### WHAT YOU ARE ASKED TO DO
Locate the lines of the listing below that hold "Used", then copy each of them.

*** GIVEN DATA ***

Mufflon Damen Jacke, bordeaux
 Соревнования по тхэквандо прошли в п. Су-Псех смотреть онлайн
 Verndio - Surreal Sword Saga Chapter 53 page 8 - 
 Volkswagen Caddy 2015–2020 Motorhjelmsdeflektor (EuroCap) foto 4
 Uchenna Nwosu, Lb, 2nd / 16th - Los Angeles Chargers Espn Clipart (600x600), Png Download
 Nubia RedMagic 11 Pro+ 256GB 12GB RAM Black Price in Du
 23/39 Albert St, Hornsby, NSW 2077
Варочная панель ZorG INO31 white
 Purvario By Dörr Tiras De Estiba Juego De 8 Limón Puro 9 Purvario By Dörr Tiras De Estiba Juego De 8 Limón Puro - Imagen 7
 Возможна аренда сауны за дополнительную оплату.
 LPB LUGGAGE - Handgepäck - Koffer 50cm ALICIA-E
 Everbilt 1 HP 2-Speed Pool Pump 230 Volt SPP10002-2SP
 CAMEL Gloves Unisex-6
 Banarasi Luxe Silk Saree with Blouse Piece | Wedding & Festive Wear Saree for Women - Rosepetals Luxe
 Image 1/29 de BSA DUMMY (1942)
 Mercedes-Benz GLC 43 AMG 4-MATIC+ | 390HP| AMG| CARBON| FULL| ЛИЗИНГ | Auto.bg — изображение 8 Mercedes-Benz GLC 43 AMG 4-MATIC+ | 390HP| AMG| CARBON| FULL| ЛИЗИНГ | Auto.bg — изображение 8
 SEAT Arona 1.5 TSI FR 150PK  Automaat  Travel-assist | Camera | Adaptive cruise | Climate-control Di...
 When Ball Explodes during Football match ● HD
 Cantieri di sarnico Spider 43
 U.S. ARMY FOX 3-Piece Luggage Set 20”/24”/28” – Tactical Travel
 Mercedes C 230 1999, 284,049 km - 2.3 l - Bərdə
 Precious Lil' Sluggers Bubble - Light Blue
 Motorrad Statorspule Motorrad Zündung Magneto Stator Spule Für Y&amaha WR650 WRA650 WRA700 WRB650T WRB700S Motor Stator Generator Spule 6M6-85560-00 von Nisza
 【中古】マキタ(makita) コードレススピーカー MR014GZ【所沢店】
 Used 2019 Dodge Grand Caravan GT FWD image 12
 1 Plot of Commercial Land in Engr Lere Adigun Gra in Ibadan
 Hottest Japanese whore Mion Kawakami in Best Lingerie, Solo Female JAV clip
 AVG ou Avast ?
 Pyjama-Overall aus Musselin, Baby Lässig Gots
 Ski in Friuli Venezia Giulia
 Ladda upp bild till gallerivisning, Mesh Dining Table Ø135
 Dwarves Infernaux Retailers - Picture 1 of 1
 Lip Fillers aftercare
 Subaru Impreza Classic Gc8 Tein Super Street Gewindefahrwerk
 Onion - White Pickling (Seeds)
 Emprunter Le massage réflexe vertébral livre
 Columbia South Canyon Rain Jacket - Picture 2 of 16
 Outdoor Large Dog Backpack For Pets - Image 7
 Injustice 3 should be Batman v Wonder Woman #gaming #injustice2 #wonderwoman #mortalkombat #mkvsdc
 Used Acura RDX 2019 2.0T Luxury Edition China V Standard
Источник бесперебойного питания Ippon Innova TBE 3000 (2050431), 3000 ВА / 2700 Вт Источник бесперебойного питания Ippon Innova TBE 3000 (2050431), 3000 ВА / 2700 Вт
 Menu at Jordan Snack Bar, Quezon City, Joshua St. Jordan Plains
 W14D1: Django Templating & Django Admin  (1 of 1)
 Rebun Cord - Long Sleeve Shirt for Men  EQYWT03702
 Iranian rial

***

### WRITTEN SOLUTION
 Used 2019 Dodge Grand Caravan GT FWD image 12
 Used Acura RDX 2019 2.0T Luxury Edition China V Standard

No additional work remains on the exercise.